→ **YOUR OBJECTIVE**: Leave the pictures aside. Retype exactly the lines from the top of the data below through the one holding "Romantic Gift for".
*** Opening DATA ***
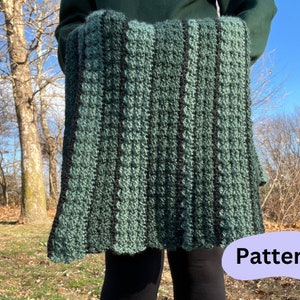 CROCHET PATTERN In the Trees Striped Easy Beginner Crochet Baby Blanket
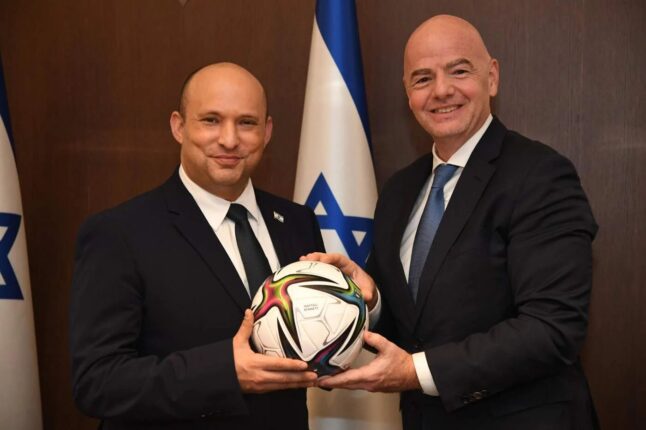 Israel Prime Minster Naftali Bennett and Fifa president Gianni Infantino 12 October 2021 Goverment Press Office.jpg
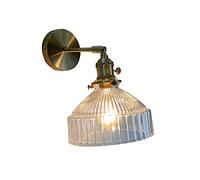 Wall Light, Wall Lamp, Indoor Glass Wall Lamp with Switch Brass Finish Fixtures for Living Room,Bedroom,Office,Kitchen,Loft,Bar,180°Adjustable (Transparent)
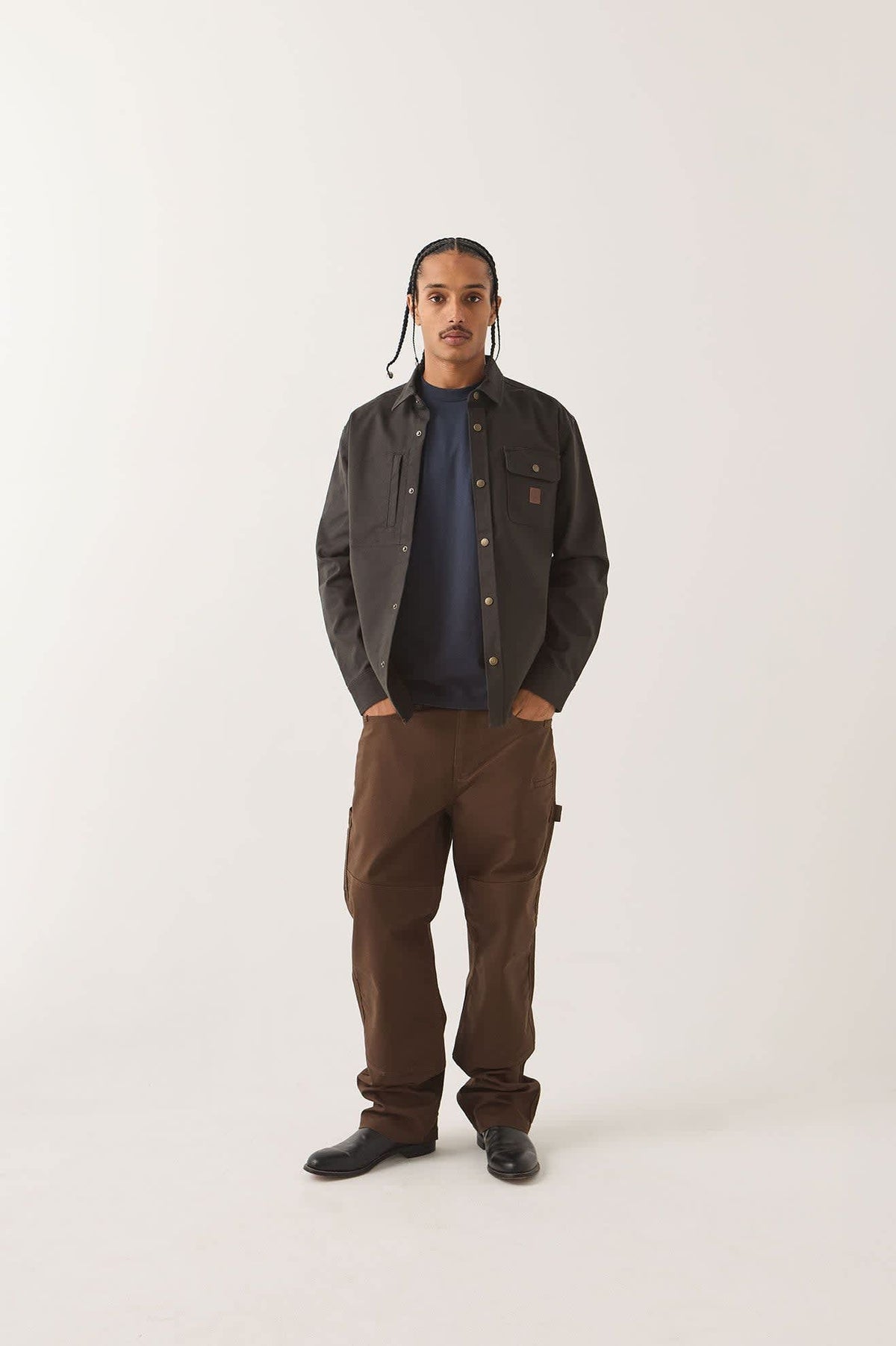 Men's Builders Stretch Overshirt in the color Black - Men's Front View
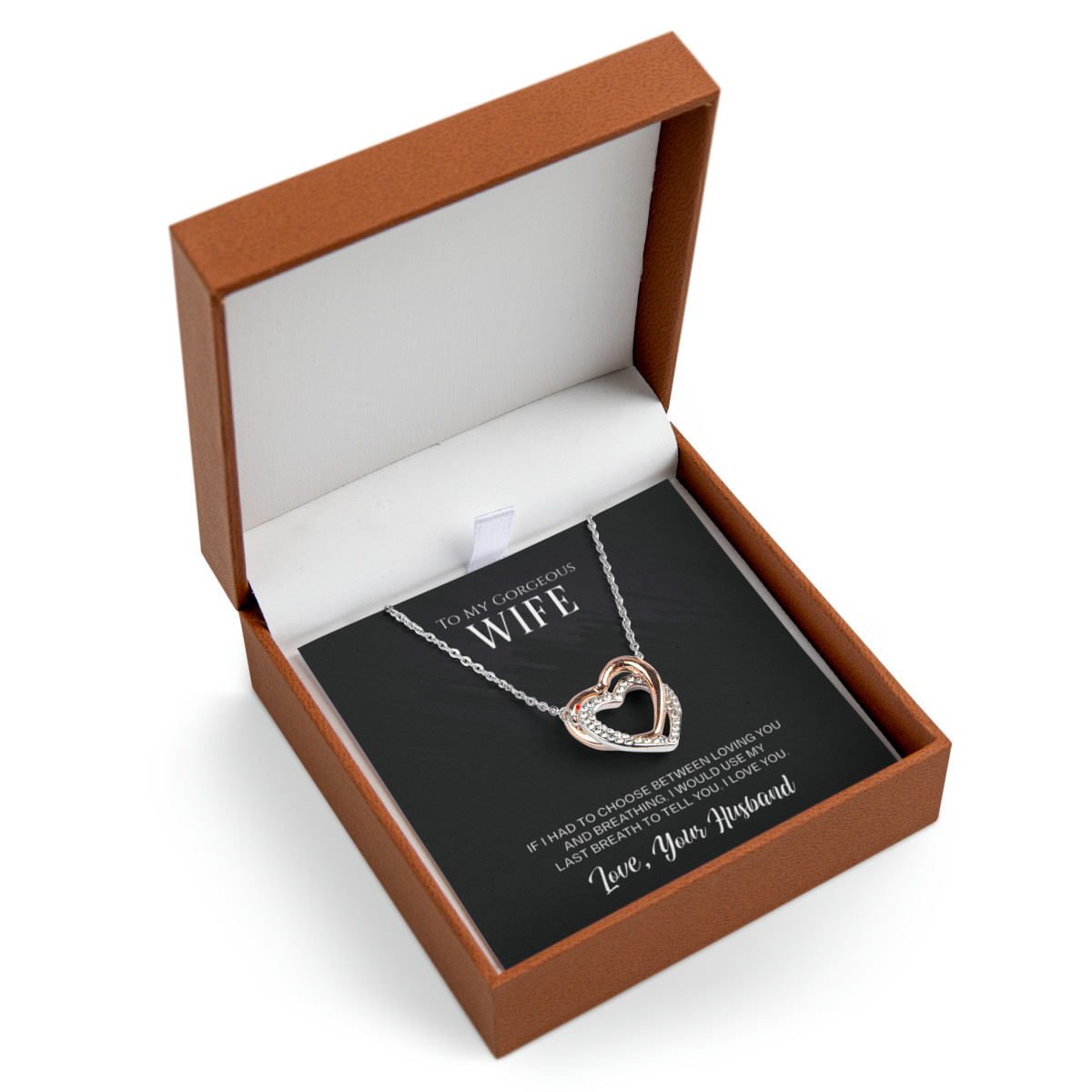 Romantic Gift for Wife: Heart Pendant Necklace with Love Message Card - Perfect Anniversary, Birthday, and Appreciation Gift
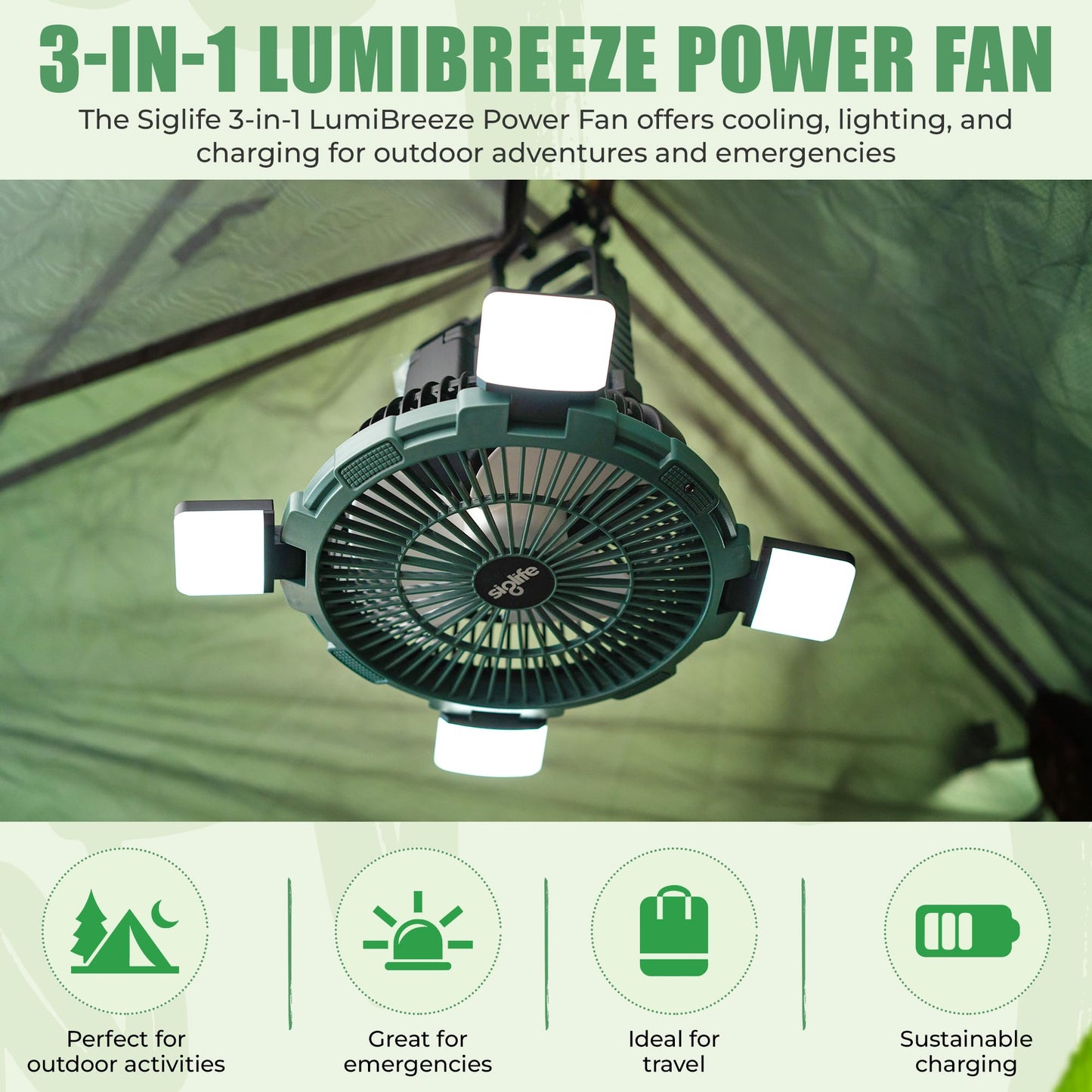Siglife Solar Camping Fan - Camping Fan Solar Powered with Light, Remote & Power Bank - Portable Solar Fans for Tents, Hiking, Power Outage,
*** Closing DATA ***
→ **YOUR SOLUTION**:
 CROCHET PATTERN In the Trees Striped Easy Beginner Crochet Baby Blanket
 Israel Prime Minster Naftali Bennett and Fifa president Gianni Infantino 12 October 2021 Goverment Press Office.jpg
 Wall Light, Wall Lamp, Indoor Glass Wall Lamp with Switch Brass Finish Fixtures for Living Room,Bedroom,Office,Kitchen,Loft,Bar,180°Adjustable (Transparent)
 Men's Builders Stretch Overshirt in the color Black - Men's Front View
 Romantic Gift for Wife: Heart Pendant Necklace with Love Message Card - Perfect Anniversary, Birthday, and Appreciation Gift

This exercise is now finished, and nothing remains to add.